[Exercise] In the entries below, repeat only the lines between those holding "10 Cour des" and "CM51】古伊万里 色絵 長方刺身皿 角皿 五客 桐鳳凰 松竹梅 扇面", inclusive. Leave pictures out.

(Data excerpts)
┄┄┄┄┄┄┄┄┄┄
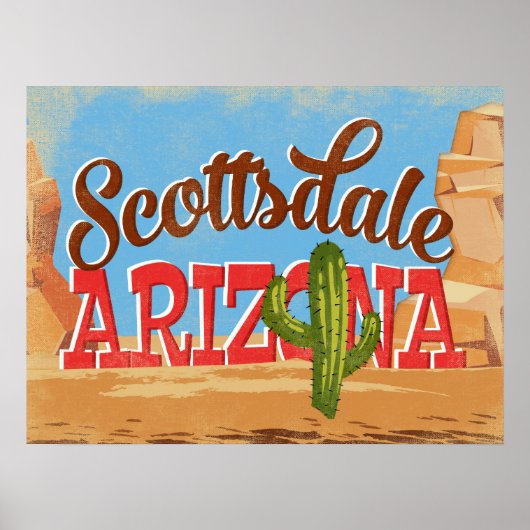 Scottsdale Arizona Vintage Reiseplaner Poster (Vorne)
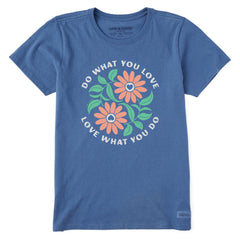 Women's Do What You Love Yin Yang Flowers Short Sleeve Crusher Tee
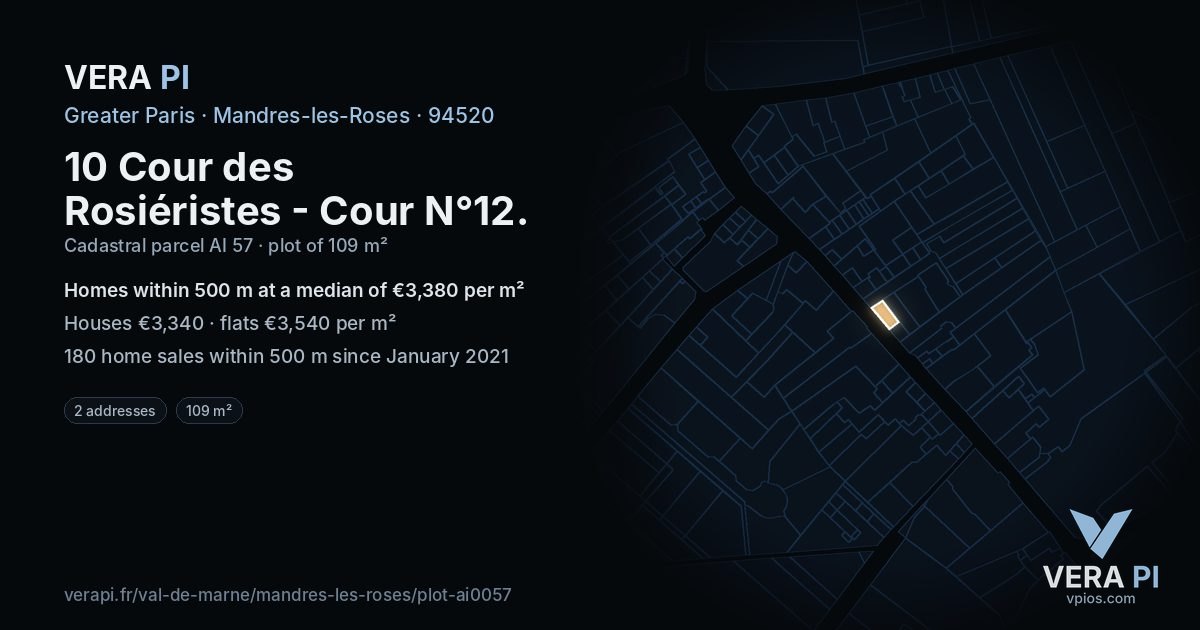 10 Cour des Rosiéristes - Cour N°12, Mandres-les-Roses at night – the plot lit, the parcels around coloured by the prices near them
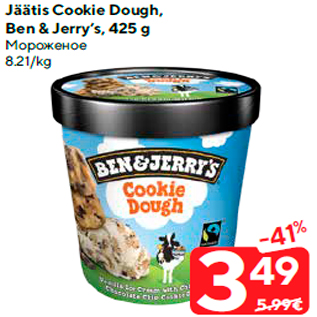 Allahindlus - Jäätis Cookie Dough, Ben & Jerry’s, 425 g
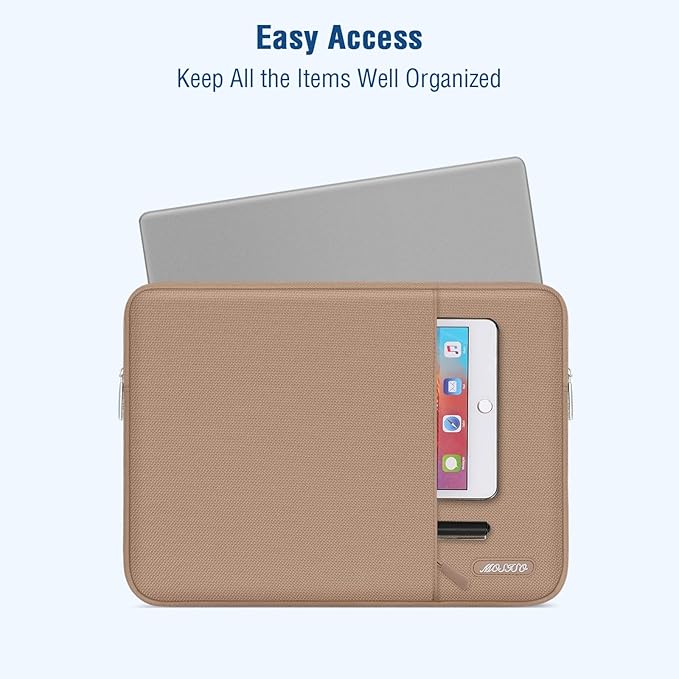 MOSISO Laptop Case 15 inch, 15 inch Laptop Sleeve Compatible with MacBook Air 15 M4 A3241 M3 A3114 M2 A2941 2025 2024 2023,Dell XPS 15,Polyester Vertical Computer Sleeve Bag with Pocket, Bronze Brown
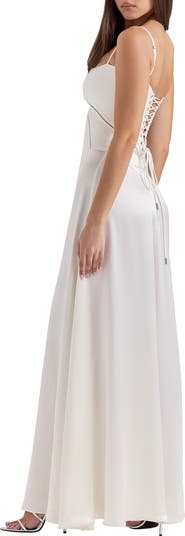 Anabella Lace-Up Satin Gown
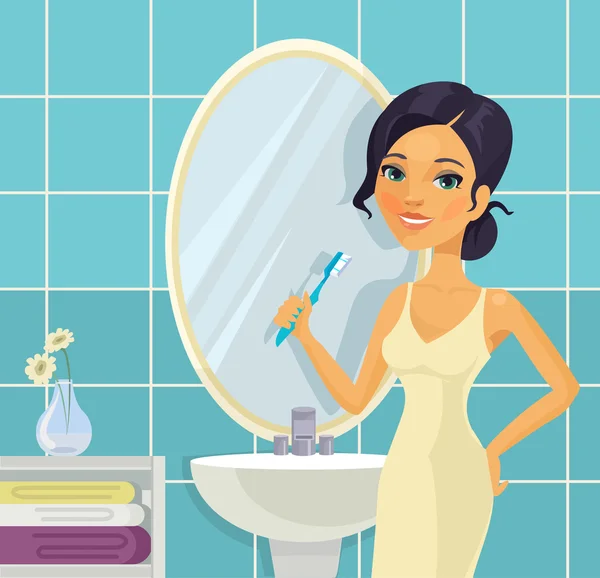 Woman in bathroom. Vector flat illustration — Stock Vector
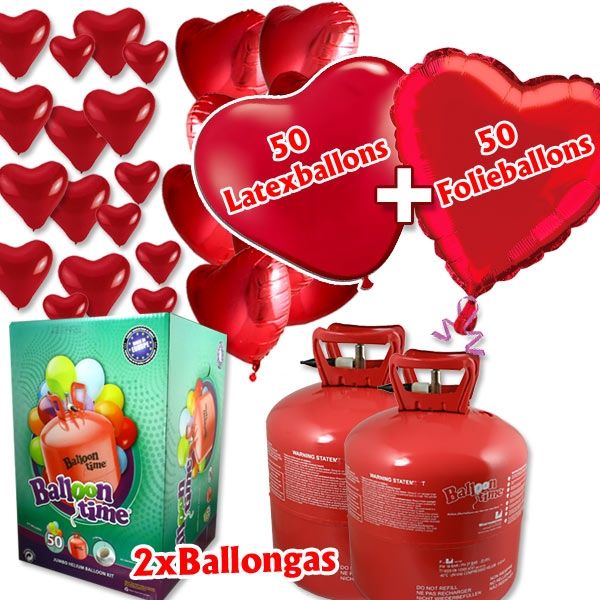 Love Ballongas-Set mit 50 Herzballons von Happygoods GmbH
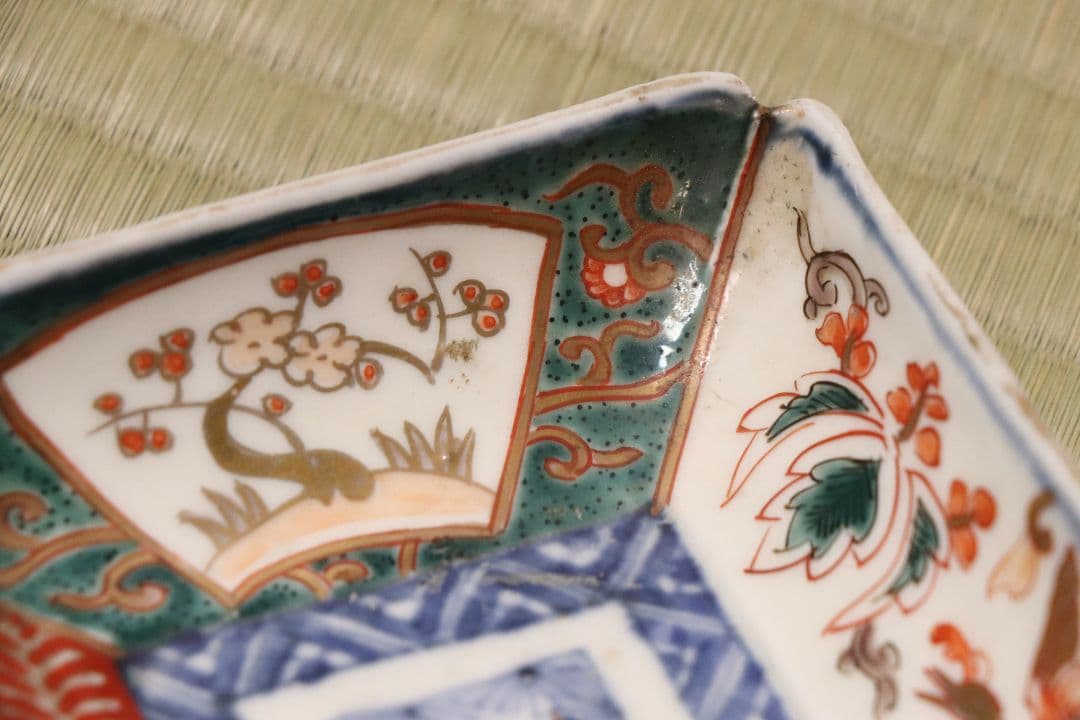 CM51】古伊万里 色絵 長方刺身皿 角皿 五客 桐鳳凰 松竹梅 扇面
┄┄┄┄┄┄┄┄┄┄
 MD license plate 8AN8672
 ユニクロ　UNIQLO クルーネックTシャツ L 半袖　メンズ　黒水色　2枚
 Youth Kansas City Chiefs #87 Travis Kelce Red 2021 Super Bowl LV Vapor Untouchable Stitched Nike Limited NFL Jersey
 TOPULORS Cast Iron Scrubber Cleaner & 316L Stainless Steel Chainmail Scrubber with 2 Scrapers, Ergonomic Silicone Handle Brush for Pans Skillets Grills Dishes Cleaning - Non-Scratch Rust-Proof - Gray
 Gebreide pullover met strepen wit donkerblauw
┄┄┄┄┄┄┄┄┄┄
[Solution for this task]
 10 Cour des Rosiéristes - Cour N°12, Mandres-les-Roses at night – the plot lit, the parcels around coloured by the prices near them
 Allahindlus - Jäätis Cookie Dough, Ben & Jerry’s, 425 g
 MOSISO Laptop Case 15 inch, 15 inch Laptop Sleeve Compatible with MacBook Air 15 M4 A3241 M3 A3114 M2 A2941 2025 2024 2023,Dell XPS 15,Polyester Vertical Computer Sleeve Bag with Pocket, Bronze Brown
 Anabella Lace-Up Satin Gown
 Woman in bathroom. Vector flat illustration — Stock Vector
 Love Ballongas-Set mit 50 Herzballons von Happygoods GmbH
 CM51】古伊万里 色絵 長方刺身皿 角皿 五客 桐鳳凰 松竹梅 扇面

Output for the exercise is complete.